Sunstroke Prevention and Treatment

Written By: Joseph Cescon and Monica Khosravi, Summer Student

Blog 42 - sky-sunny-clouds-cloudy

You’re soaking up the sun and playing your favourite outdoor sport on a hot afternoon in July. You start to get a bit of headache, but you brush it off and continue playing. As you run across the field, you realize that your headache has turned into dizziness, and your muscles start to cramp. You stop playing, but continue to feel nauseated and even start vomiting. You can feel your skin radiating heat as you try to catch your breath.

If you have ever experienced this type of episode, you have likely suffered from a form of heat or sunstroke. Heatstroke occurs when the body has been exposed to hot temperatures for long periods of time. Sunstroke is a form of heatstroke, and is the result of extensive exposure to direct sunlight.

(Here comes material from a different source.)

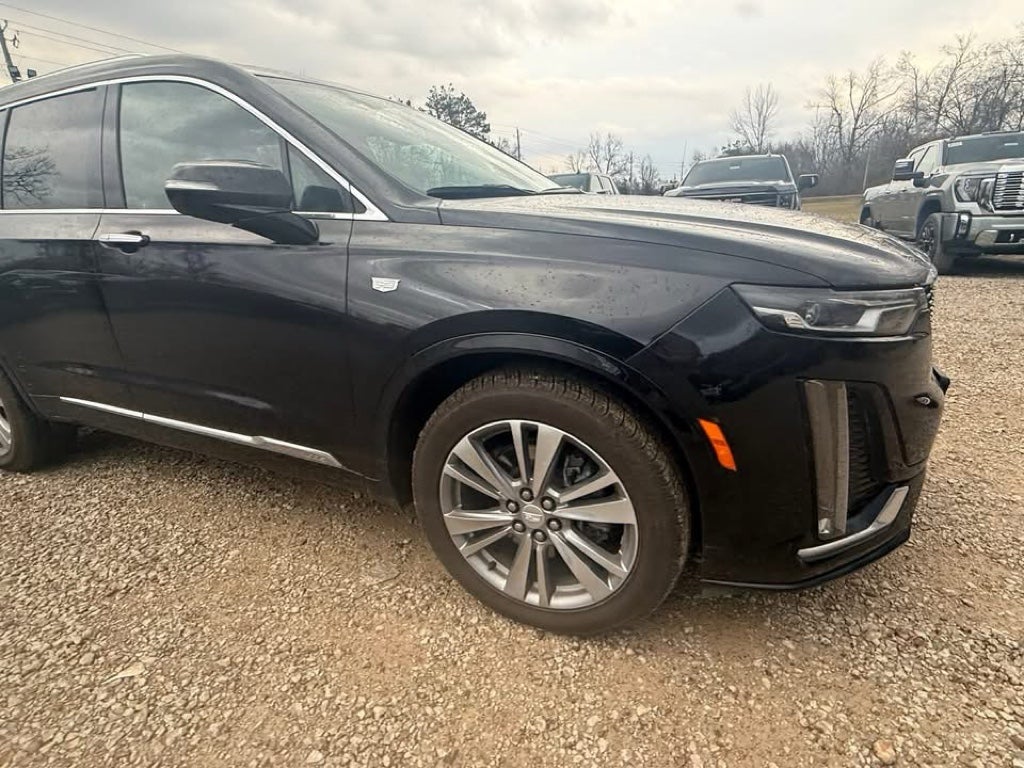 2023 Cadillac XT6 Premium Luxury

Both are dangerous, and on a hot summer day, both can strike a person simultaneously.

Heatstroke occurs when the core body temperature rises to greater than 104 degrees Fahrenheit or 40 degrees Celsius. Although it can range in severity, at its most extreme, heatstroke can kill or cause damage to the brain and other internal organs. Because milder forms of heatstroke can be treated relatively easily, it is important to recognize the onset signs and symptoms of heat stroke before it progresses to such a severe stage.

Symptoms of heat stroke may include:

  • Pounding headache
  • Dizziness or light headedness
  • Fainting
  • Lack of sweating despite the heat
  • Red, hot, dry skin
  • Muscle weakness or cramping
  • Nausea and vomiting
  • Rapid heartbeat
  • Rapid, shallow breathing
  • Confusion, agitation, or disorientation
  • Seizures

If a person experiences any one of these symptoms, they should treat themselves for heatstroke immediately. The first step is to reduce the body temperature. This can be done by finding a cool spot to lay down in the shade, removing any extra clothing, and placing a wet cloth or ice against the skin. If the person is near a cottage or their home, they should try taking a cold shower or bath. The second step is to rehydrate. Heat stroke often occurs not only from prolonged exposure to high temperatures, but from a combination of high temperatures and dehydration. Slowly rehydrating with an energy drink is ideal because it not only replenishes depleted liquids within the body, but also counteracts the loss of salt.

If a person’s symptoms get progressively worse even after following these two steps, it is time to call 911. Any delay in seeking medical help can be potentially fatal, particularly for people within the most vulnerable age categories of 50 years or older, or children.

Heatstroke is an underestimated condition but is completely avoidable if simple precautions are taken. These precautions include:

  • Avoid going outside an air conditioned environment when the heat index is high
  • Wearing lightweight, light-coloured, loose-fitting clothing and hat
  • Using sunscreen with at least SPF 30 protection
  • Drinking extra liquids, particularly sports drinks that contain electrolytes
  • Taking breaks in the shade
  • Try to schedule outdoor activities when the sun is less strong- before 11am and after 3pm
  • Avoid drinking caffeine or alcohol since both accelerate dehydration

By following these steps, a person can enjoy a hot summer day to the fullest while staying safe and healthy.